The theory of bimodal AFM provides analytical expressions to link material properties with microscope observables. For example, for a paraboloid probe (radius $R$) and a tip-sample force given by the linear viscoelastic Kelvin-Voigt model, the effective elastic modulus $E_{eff}$ of the sample, viscous coefficient of compressibility $\eta_{com}$, loss tangent $\tan \rho$ or retardation time $\tau$ are expressed by

$$E_{eff} = 4 \sqrt{2} \frac{Q_1}{\sqrt{R}} \frac{k_2^2}{k_1} \frac{\Delta f_2^2}{f_{02}^2} \frac{A_1^{3/2}}{A_{01}^2-A_1^2}
\,$$

$$\eta_{com} = \frac{E_{eff}}{\omega_1} \left[ \frac{A_{01}\sin{\phi_1}-A_1}{A_{01}\cos{\phi_1}} \right]
\,$$

$$\tan \rho = 2 \pi \omega_1 \frac{\eta_{com}}{E_{eff}} = 2 \pi \omega_1 \tau
\,$$

For an elastic material, the second term of equation to calculate $\eta$ disappears because $A_1=A_{01} \sin{\phi_1}$ which gives $\eta = 0$. The elastic modulus is obtained from the equation above.
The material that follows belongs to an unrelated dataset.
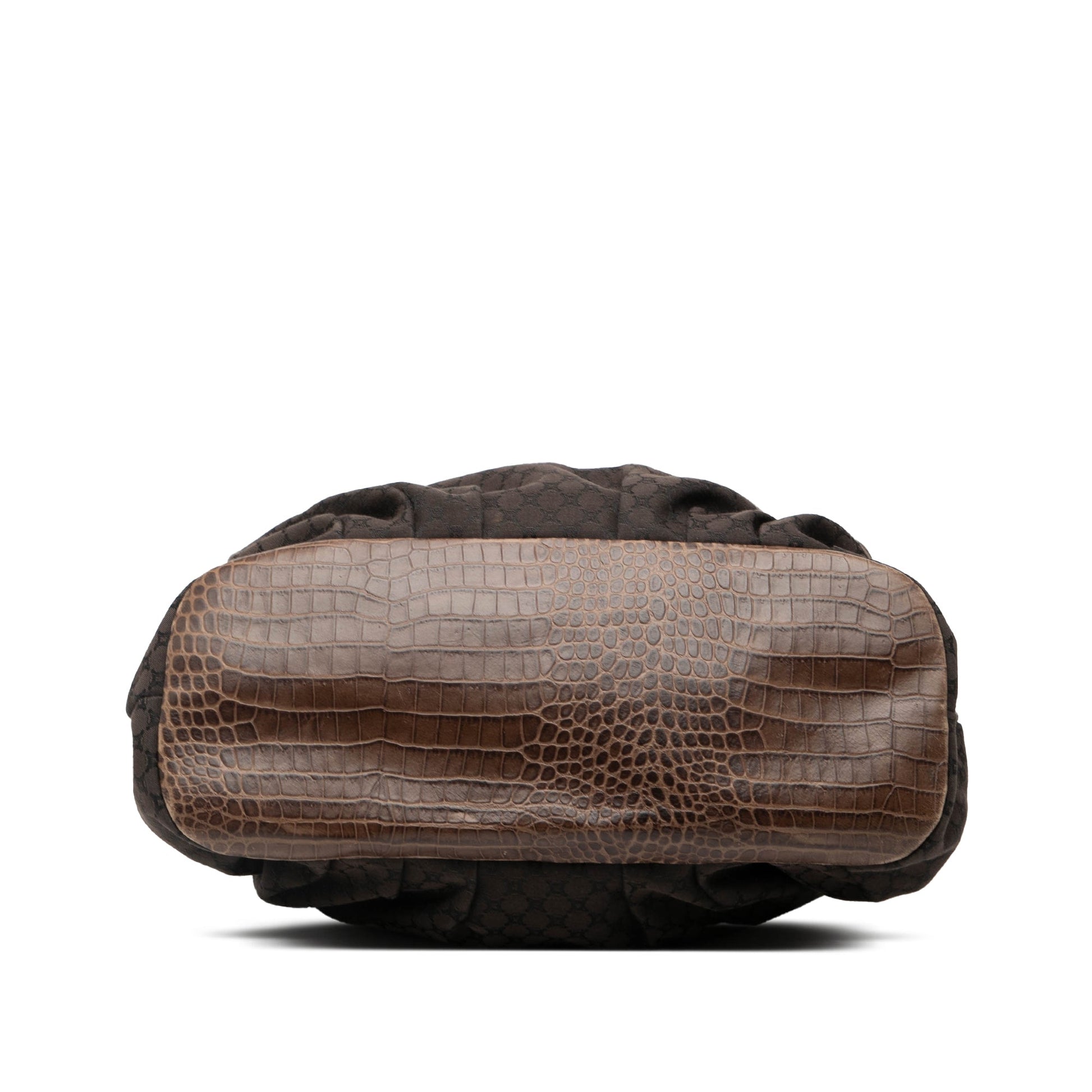 Celine Embossed Leather Trimmed Macadam Canvas Vertical Tote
Other analytical expressions were proposed for the determination of the Hamaker constant and the magnetic parameters of a ferromagnetic sample.

== Applications ==
Bimodal AFM is applied to characterize a large variety of surfaces and interfaces. Some applications exploit the sensitivity of bimodal observables to enhance spatial resolution. However, the full capabilities of bimodal AFM are shown in the generation of quantitative maps of material properties. The section is divided in terms of the achieved spatial resolution, atomic-scale or nanoscale.

=== Atomic and molecular-scale resolution ===
Atomic-scale imaging of graphene, semiconductor surfaces and adsorbed organic molecules were obtained in ultra high-vacuum. Angstrom-resolution images of hydration layers formed on proteins and Young's modulus map of a metal-organic frame work, purple membrane and a lipid bilayer were reported in aqueous solutions.

=== Material property applications ===
Bimodal AFM is widely used to provide high-spatial resolution maps of material properties, in particular, mechanical properties. Elastic and/or viscoelastic property maps of polymers, DNA, proteins, protein fibers, lipids or 2D materials were generated. Non-mechanical properties and interactions including crystal magnetic garnets, electrostatic strain, superparamagnetic particles and high-density disks were also mapped. Quantitative property mapping requires the calibration of the force constants of the excited modes.